* PROBLEM TO SOLVE: Print exactly the lines that run from the first line of the material to the line containing "Futuristic Gaming Sofa", both ends included, and skip the pictures.

* EXERCISE DATA:

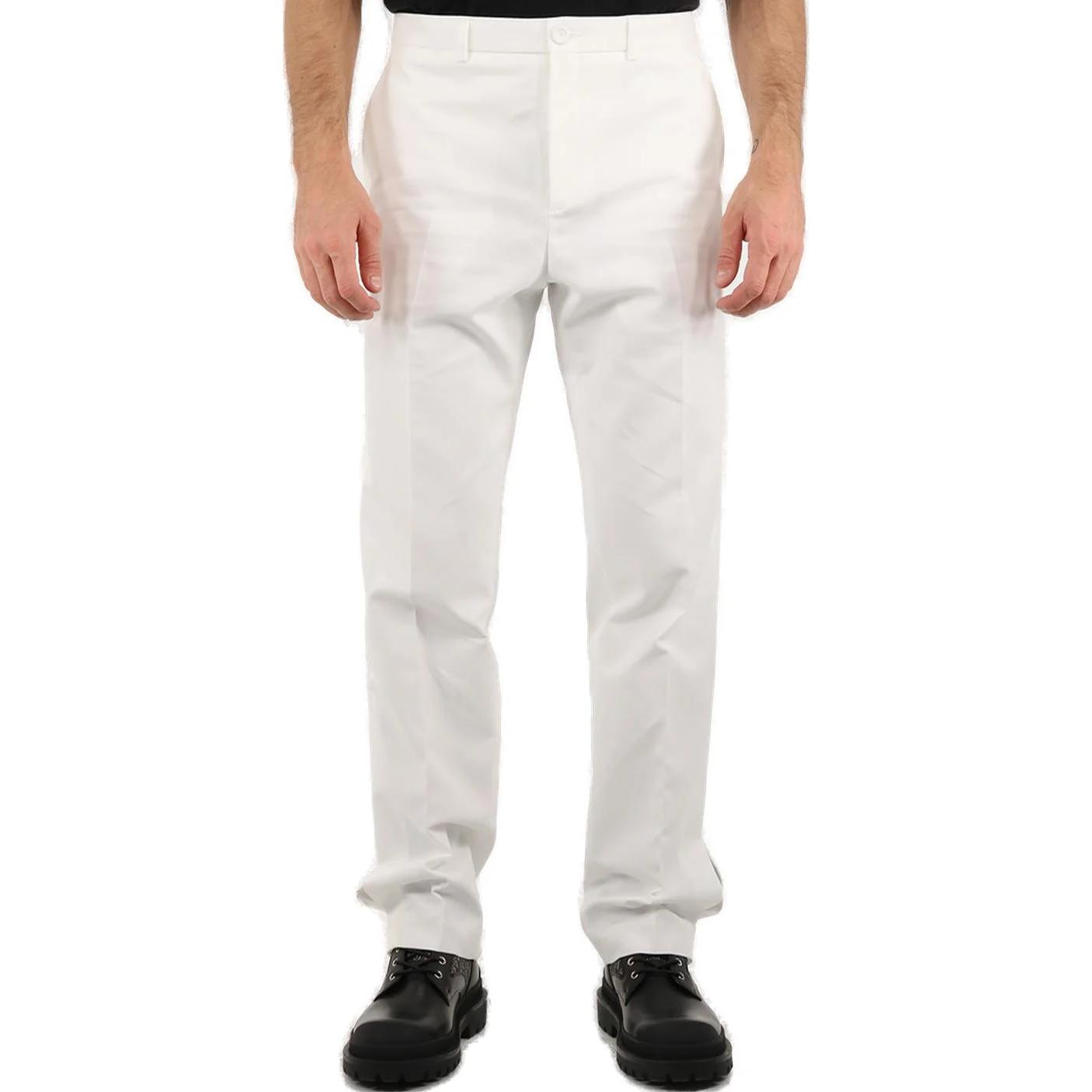 Dior  White Cotton Button Casual Pants 213C133A4451-030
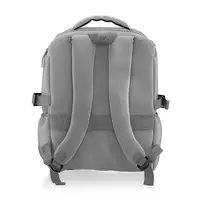 AISENS Mochila Deportiva Repelente Al Agua Para Portatil 15.6, Gris
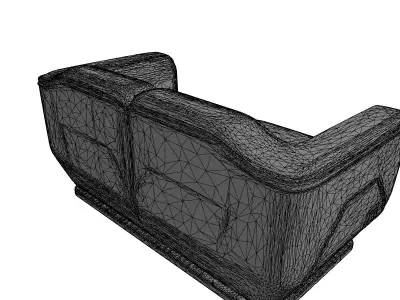 Futuristic Gaming Sofa with LED Lights Low-poly 3D model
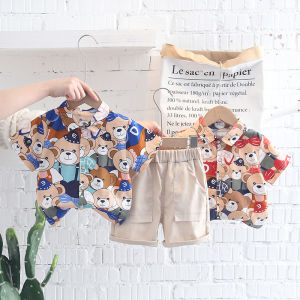 lovely bear kid clothes for boys and girls pakaian budak perempuan baby clothing baju baby lelaki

* EXPECTED ANSWER:
 Dior  White Cotton Button Casual Pants 213C133A4451-030
 AISENS Mochila Deportiva Repelente Al Agua Para Portatil 15.6, Gris
 Futuristic Gaming Sofa with LED Lights Low-poly 3D model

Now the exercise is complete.